Data records
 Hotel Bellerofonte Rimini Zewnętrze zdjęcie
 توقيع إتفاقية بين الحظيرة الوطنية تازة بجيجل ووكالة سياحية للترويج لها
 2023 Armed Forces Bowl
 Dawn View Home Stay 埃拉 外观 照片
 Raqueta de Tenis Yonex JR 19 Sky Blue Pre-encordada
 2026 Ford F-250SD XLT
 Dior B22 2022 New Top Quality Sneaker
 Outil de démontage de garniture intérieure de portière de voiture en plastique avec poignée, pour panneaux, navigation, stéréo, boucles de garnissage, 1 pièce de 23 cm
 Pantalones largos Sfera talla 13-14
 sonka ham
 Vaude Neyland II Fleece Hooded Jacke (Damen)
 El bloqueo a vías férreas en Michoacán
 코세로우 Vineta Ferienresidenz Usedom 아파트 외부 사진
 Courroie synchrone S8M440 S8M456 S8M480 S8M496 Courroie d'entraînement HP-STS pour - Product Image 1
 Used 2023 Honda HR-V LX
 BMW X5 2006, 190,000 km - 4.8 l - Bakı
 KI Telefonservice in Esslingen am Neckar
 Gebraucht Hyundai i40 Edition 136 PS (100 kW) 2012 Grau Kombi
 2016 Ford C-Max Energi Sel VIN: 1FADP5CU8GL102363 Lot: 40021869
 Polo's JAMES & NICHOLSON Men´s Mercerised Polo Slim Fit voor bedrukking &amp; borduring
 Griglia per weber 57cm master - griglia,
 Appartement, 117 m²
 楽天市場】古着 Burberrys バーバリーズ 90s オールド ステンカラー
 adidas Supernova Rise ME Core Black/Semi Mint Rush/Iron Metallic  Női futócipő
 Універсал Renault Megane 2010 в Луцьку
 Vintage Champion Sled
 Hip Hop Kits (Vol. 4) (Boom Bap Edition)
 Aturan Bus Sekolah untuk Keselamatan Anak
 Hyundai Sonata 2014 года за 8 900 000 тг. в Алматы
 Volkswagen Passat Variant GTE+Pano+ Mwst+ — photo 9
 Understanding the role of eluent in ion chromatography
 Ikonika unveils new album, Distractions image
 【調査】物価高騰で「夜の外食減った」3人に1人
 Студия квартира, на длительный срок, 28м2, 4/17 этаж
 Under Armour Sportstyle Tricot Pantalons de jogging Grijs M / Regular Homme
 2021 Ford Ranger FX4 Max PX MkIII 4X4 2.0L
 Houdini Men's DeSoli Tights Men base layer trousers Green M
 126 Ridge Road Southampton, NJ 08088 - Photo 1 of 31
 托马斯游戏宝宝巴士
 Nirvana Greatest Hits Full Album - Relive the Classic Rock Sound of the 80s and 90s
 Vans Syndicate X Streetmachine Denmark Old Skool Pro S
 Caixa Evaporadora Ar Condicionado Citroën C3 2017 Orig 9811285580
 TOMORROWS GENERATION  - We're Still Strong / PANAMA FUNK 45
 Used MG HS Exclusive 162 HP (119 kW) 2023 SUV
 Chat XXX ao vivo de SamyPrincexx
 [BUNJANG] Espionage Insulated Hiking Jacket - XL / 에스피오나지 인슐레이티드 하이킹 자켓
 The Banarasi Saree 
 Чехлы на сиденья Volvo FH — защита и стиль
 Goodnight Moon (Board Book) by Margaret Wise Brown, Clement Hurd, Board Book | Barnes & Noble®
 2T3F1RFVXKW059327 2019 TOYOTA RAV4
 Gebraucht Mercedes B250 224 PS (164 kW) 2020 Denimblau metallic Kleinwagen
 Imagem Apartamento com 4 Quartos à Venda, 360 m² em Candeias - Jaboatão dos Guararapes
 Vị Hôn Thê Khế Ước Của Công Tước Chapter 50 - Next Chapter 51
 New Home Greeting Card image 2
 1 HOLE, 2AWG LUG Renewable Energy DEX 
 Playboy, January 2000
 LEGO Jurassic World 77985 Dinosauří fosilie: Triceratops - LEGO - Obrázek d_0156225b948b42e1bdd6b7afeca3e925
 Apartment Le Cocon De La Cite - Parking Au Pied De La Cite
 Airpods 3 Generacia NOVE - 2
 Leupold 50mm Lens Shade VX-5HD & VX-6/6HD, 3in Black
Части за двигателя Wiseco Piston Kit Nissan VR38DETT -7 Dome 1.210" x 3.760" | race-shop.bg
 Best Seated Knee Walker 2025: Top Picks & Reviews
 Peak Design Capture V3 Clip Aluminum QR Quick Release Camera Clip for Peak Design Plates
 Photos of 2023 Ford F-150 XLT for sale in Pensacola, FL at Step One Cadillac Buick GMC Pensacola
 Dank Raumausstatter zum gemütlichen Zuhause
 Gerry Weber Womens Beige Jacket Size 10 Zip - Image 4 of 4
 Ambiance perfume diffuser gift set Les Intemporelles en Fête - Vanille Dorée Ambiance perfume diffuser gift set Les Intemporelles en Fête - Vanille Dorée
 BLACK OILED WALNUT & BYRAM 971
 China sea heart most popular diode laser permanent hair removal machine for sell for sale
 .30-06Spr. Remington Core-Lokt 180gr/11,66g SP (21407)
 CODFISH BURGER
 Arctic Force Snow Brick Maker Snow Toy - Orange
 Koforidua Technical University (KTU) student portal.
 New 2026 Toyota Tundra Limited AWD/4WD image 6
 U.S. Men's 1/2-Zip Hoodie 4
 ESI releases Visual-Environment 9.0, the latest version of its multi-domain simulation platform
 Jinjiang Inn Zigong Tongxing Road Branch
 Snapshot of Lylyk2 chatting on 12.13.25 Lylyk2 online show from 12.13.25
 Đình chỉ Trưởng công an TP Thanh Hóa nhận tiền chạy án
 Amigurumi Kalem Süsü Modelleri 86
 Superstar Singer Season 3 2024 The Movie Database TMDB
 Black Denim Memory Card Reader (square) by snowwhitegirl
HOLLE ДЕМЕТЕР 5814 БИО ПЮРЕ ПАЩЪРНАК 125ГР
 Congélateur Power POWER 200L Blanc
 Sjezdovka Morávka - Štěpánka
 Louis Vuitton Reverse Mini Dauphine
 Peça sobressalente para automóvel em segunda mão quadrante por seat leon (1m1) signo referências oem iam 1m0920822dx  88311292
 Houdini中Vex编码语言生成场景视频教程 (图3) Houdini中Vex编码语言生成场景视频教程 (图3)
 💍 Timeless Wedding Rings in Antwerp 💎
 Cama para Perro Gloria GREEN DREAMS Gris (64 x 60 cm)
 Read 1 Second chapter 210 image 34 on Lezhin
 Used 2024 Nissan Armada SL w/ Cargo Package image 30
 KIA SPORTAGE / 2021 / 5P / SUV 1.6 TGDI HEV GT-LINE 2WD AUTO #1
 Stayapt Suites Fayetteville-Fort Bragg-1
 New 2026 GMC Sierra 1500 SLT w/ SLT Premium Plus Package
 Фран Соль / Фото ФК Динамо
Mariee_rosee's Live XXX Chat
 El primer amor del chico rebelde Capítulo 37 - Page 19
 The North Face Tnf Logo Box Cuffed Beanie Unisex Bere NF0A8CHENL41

— Exercise aim —
Starting with the line that holds "Houdini Men's DeSoli" and ending with the line that holds "LEGO Jurassic World", retype every line in the data above exactly, and nothing else.

— Reply —
 Houdini Men's DeSoli Tights Men base layer trousers Green M
 126 Ridge Road Southampton, NJ 08088 - Photo 1 of 31
 托马斯游戏宝宝巴士
 Nirvana Greatest Hits Full Album - Relive the Classic Rock Sound of the 80s and 90s
 Vans Syndicate X Streetmachine Denmark Old Skool Pro S
 Caixa Evaporadora Ar Condicionado Citroën C3 2017 Orig 9811285580
 TOMORROWS GENERATION  - We're Still Strong / PANAMA FUNK 45
 Used MG HS Exclusive 162 HP (119 kW) 2023 SUV
 Chat XXX ao vivo de SamyPrincexx
 [BUNJANG] Espionage Insulated Hiking Jacket - XL / 에스피오나지 인슐레이티드 하이킹 자켓
 The Banarasi Saree 
 Чехлы на сиденья Volvo FH — защита и стиль
 Goodnight Moon (Board Book) by Margaret Wise Brown, Clement Hurd, Board Book | Barnes & Noble®
 2T3F1RFVXKW059327 2019 TOYOTA RAV4
 Gebraucht Mercedes B250 224 PS (164 kW) 2020 Denimblau metallic Kleinwagen
 Imagem Apartamento com 4 Quartos à Venda, 360 m² em Candeias - Jaboatão dos Guararapes
 Vị Hôn Thê Khế Ước Của Công Tước Chapter 50 - Next Chapter 51
 New Home Greeting Card image 2
 1 HOLE, 2AWG LUG Renewable Energy DEX 
 Playboy, January 2000
 LEGO Jurassic World 77985 Dinosauří fosilie: Triceratops - LEGO - Obrázek d_0156225b948b42e1bdd6b7afeca3e925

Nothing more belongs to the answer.